リフォームで2000万円かけたらどこまでできる?費用内訳と施工事例【2026年】
更新
目次
2000万円の予算があれば、25坪前後の戸建て住宅をほぼすべての箇所でリフォームできます。内装・外装・水回り・間取り変更を一度にまとめて工事する、フルリフォームが実現できる金額です。

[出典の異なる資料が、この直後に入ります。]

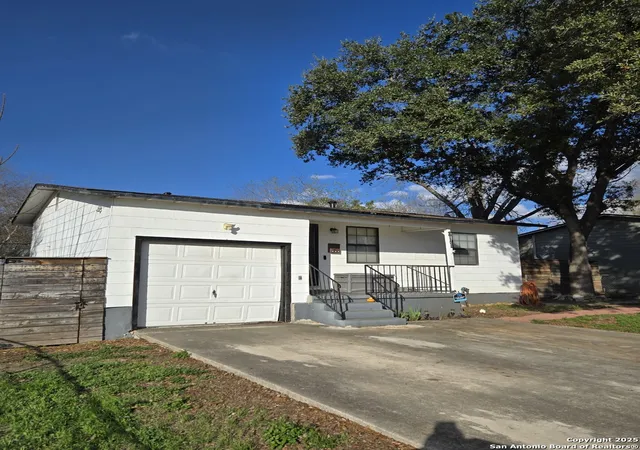 Photo 2 of Sale Pending at 811 Cravens, San Antonio, TX 78223 | MLS# 1922828 | Listing updated on 2026-02-10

費用の内訳・施工事例・コスト削減のコツを、順番に確認していきます。
2000万円でできるリフォームの内容
2000万円で対応できる工事の種類をまとめました。
内装のフルリフォーム
壁紙・床材の張り替えから、和室を洋室に変更する工事まで対応できます。押し入れをウォークインクローゼットに変えるなど、収納の見直しも可能です。築30年以上の住宅では内装の老朽化が進んでいることが多く、全居室をまとめて入れ替えられます。
外装のフルリフォーム
外壁の塗装・張り替えや屋根の葺き替えが対象です。外壁の防水・断熱機能が上がり、家の寿命も延びます。外壁の下地から補強するスケルトン工法を選べば、より高い耐久性を確保できます。
水回りのリフォーム
キッチン・浴室・洗面台・トイレを一括でリフォームできます。配管の入れ替えを含む場合でも、2000万円の範囲内に収まるケースが多いです。最新設備に替えれば、水道代・光熱費の削減にもつながります。
間取り変更
壁を撤去して広いリビングをつくったり、和室と隣の部屋を統合したりする工事も対応できます。床面積25坪程度であれば、ほぼ希望どおりの間取りに変更できます。
スケルトンリフォーム(骨組みだけ残す全面工事)
構造躯体だけを残してすべて解体し、内外装を一から作り直す工事です。築年数が古い住宅でも、耐震補強・断熱改修を含めた大規模な改修が可能になります。25坪以内の戸建てであれば、2000万円前後でスケルトンリフォームを実施できるケースがあります。
2000万円のリフォーム費用の内訳
フルリフォームの費用目安を、工事種類別に表にまとめました。建物の規模・築年数・状態によって変わります。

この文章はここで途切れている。